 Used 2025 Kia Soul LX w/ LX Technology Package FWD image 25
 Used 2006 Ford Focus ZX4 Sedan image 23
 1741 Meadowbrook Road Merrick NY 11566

---

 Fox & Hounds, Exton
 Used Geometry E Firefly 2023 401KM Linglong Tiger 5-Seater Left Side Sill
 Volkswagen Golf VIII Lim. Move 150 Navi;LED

...

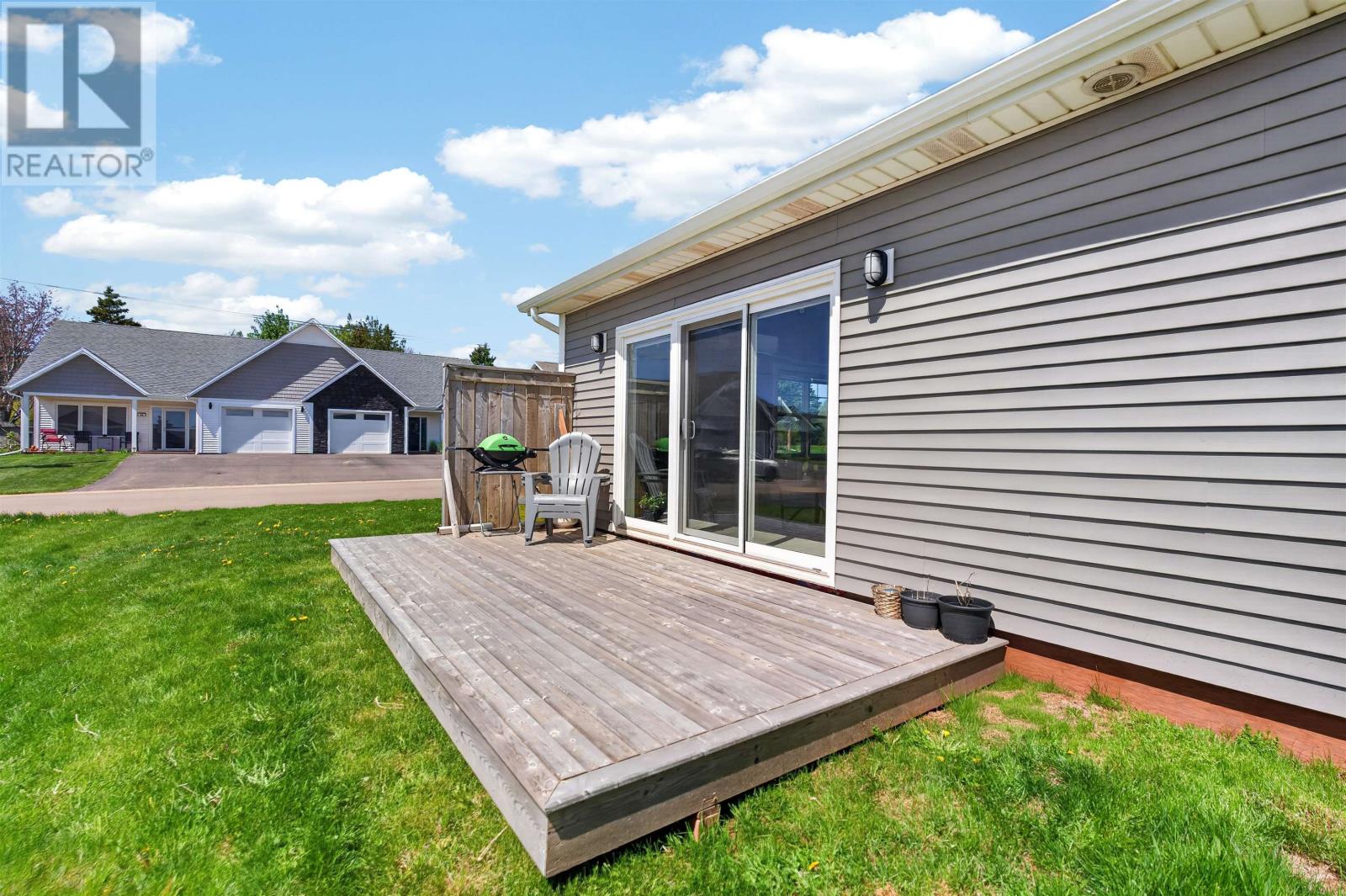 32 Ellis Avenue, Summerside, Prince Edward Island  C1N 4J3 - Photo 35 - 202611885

**Your assignment:** Only the lines above from the line with "Fox & Hounds, Exton" to the line with "Volkswagen Golf VIII Lim. Move 150 Navi;LED", those two lines included, should be reproduced exactly.

**Your response:**
 Fox & Hounds, Exton
 Used Geometry E Firefly 2023 401KM Linglong Tiger 5-Seater Left Side Sill
 Volkswagen Golf VIII Lim. Move 150 Navi;LED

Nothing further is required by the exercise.